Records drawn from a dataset
Start of Block

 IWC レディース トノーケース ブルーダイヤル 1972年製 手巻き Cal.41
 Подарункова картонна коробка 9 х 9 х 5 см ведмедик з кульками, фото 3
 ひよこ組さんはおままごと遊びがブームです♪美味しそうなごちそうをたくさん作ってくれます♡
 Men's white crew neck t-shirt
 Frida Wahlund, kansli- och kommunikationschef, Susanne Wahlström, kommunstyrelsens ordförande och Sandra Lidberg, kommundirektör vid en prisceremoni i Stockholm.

End of Block
Start of Block

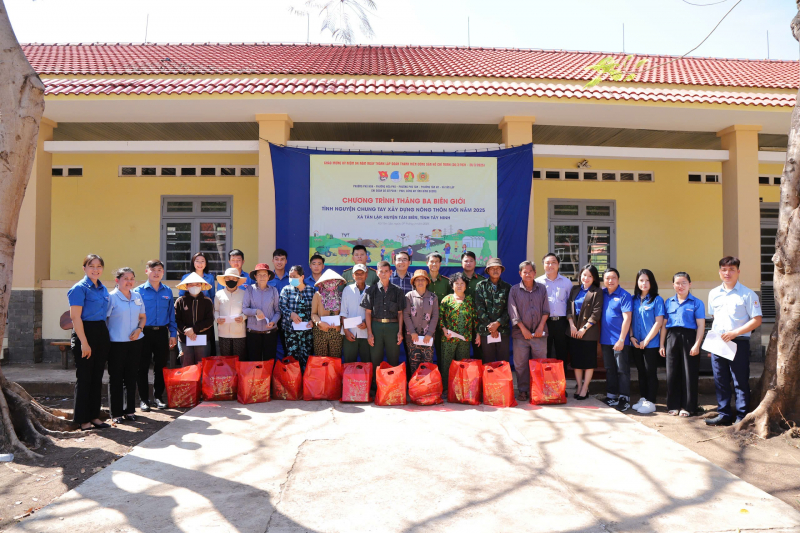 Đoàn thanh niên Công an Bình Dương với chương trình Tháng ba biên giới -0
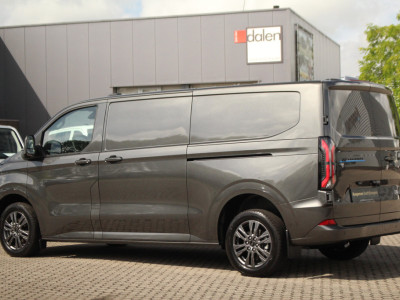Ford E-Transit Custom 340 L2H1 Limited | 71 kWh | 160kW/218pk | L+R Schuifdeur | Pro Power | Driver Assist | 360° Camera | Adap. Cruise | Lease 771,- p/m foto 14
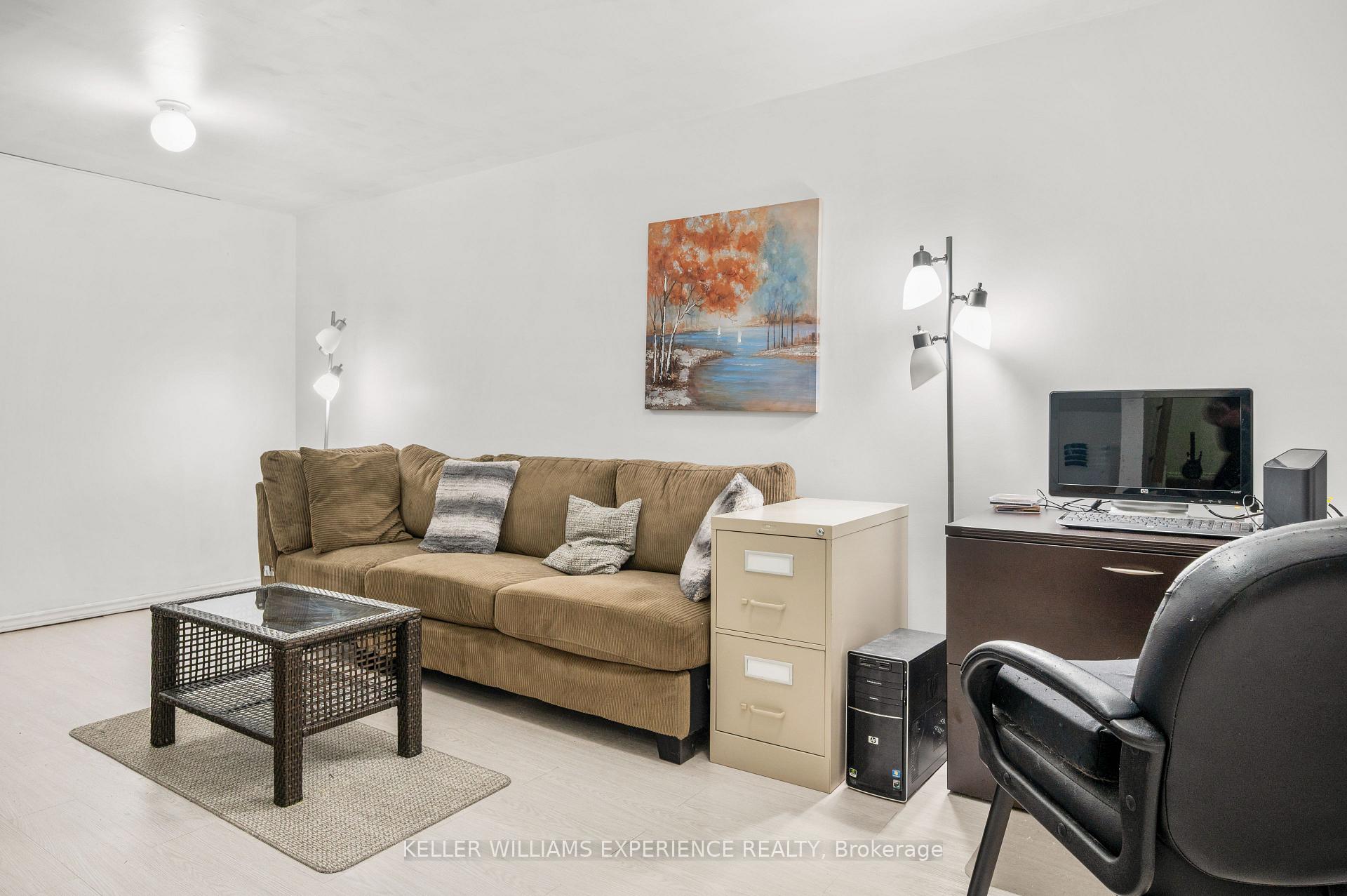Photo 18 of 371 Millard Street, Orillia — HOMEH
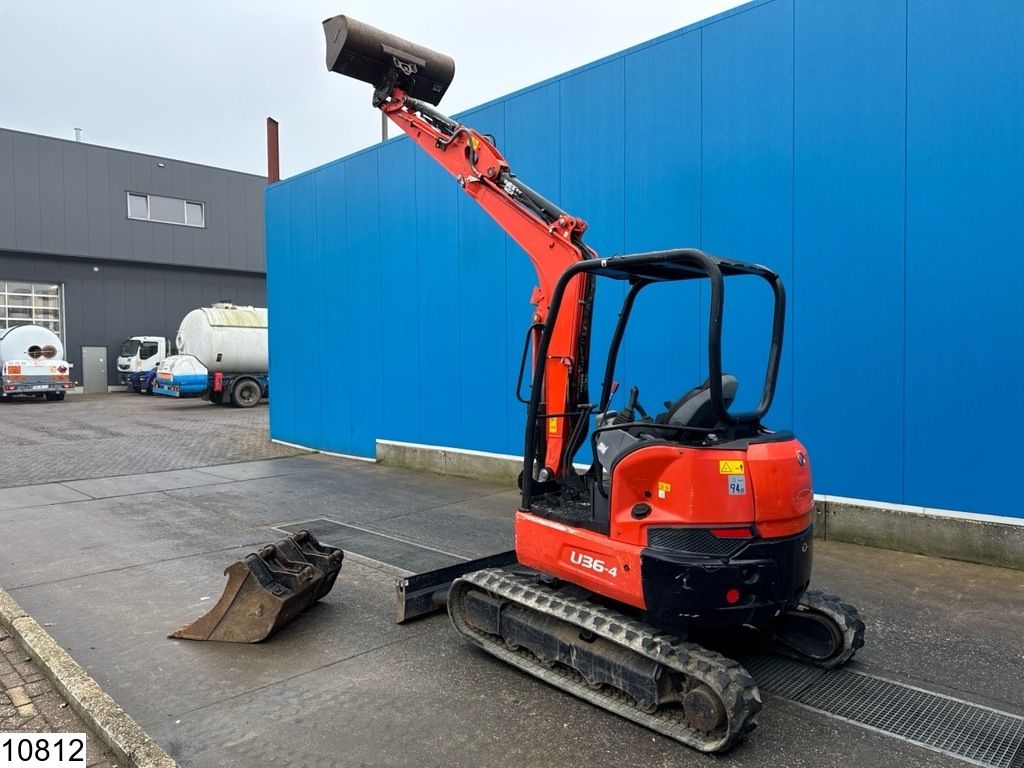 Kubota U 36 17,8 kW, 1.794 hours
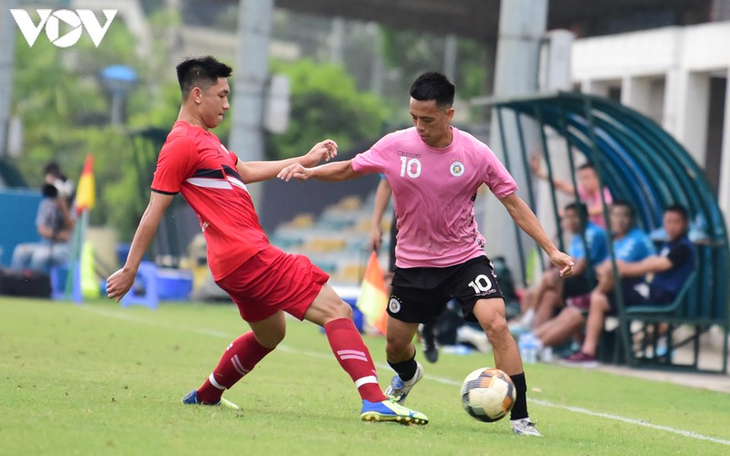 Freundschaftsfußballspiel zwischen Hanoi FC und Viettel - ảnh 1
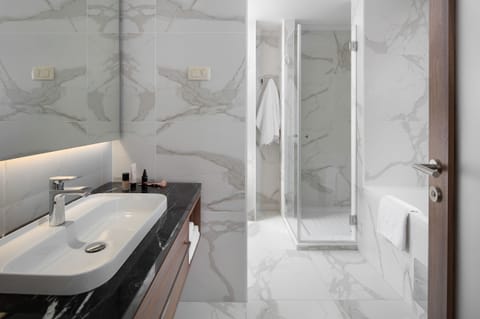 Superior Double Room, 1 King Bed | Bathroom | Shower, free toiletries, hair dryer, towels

End of Block

WHAT TO PRODUCE -> Exactly reproduce the lines above, starting at the one that contains "Freundschaftsfußballspiel zwischen Hanoi" and ending at the one that contains "Superior Double Room, 1", both inclusive; leave the pictures out and add no other lines.

TASK RESPONSE ->
 Freundschaftsfußballspiel zwischen Hanoi FC und Viettel - ảnh 1
 Superior Double Room, 1 King Bed | Bathroom | Shower, free toiletries, hair dryer, towels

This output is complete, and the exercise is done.